Fast überall zeigten sich die Menschen jedoch meist gelassen. "Für Hamburg ist das weitgehend glimpflich verlaufen", berichtete ein Feuerwehrsprecher. "Hier wackelt es nicht mehr als sonst bei Sturm", sagte der Geschäftsführer der Nordseebad Spiekeroog GmbH, Thomas Doellinger. "Es war zwar schon die Kategorie schwere Sturmflut, aber nicht von der ganz schlimmen Sorte", bestätigte die Sprecherin des Niedersächsischen Landesbetriebes für Wasserwirtschaft, Küsten- und Naturschutz (NLWKN), Herma Heyken.

Die Fährverbindungen zwischen der Küste und den Inseln mussten am Freitag wegen des Unwetters vorübergehend eingestellt werden. Bei schwerer See verlor eine Containerschiff auf dem Weg von Hamburg nach Le Havre (Frankreich) in der Nordsee 45 leere Container. Fluttore und Sperrwerke wurden geschlossen, um Überschwemmungen im Hinterland zu verhindern. Im Hamburger Hafen mussten Einsatzkräfte losgerissene Kleinschiffe und Schuten sichern. In Bremerhaven versanken Autos fast in den Fluten. Binnen Minuten standen die Fahrzeuge bis zu den Außenspiegeln im Wasser.

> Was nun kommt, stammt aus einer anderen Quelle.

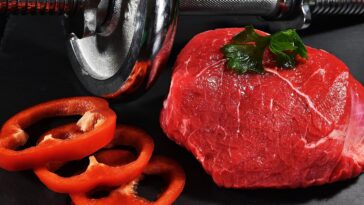 fitness gym programs weight loss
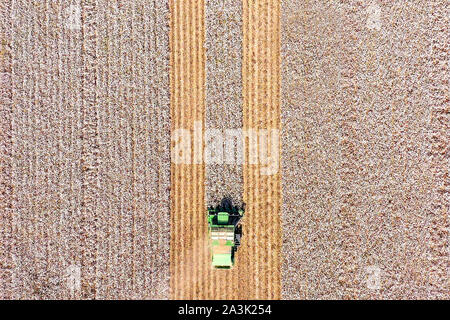 Von oben nach unten Luftbild eines großen Baumwollpflücker Ernte ein Feld. Stockfoto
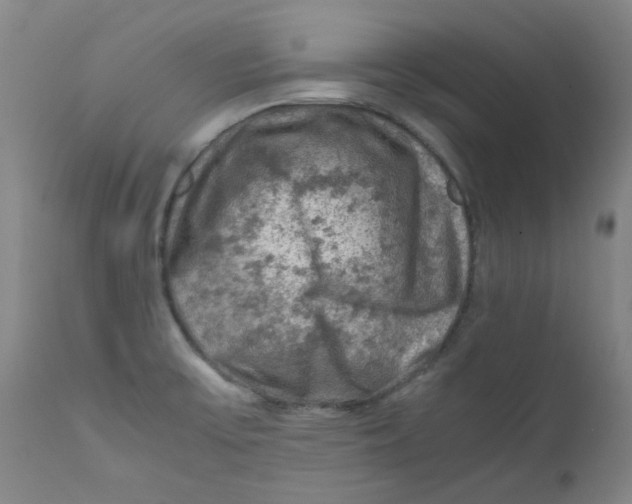 X0000112211475200909041329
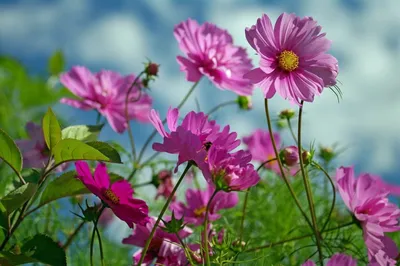 Какие цветы цветут летом: названия и фото | Блог Семицветик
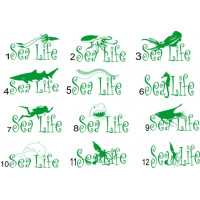 Sea Life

Auf den niedersächsischen Nordseeinseln Juist, Langeoog, Spiekeroog und auf Wangerooge kam es nach Angaben des NLWKN teilweise zu erheblichen Dünenabbrüchen. "An diesen neuralgischen Punkten haben wir Dünenabbrüche erwartet", hieß es. Beziffern ließe sich der Schaden noch nicht. 2007 waren zum Schutz der Küsten auf den Inseln acht Millionen Euro investiert worden.

Die Deutsche Bucht ist nach Ansicht des Leiters des Sturmflutwarndienstes beim Bundesamt für Seeschifffahrt und Hydrographie, Sylvin Müller-Navarra, das am stärksten von Sturmfluten bedrohte Gebiet weltweit. "Durch die Geografie der Nordseeküste und den Trichtereffekt der Elbmündung tritt dieses Phänomen hier häufiger auf", sagte er am Freitag. Zudem biete das Wattenmeer mit sehr geringen Wassertiefen dem Wind viel Angriffsfläche. Es könne sich keine so starke Ausweichströmung am Meeresboden bilden.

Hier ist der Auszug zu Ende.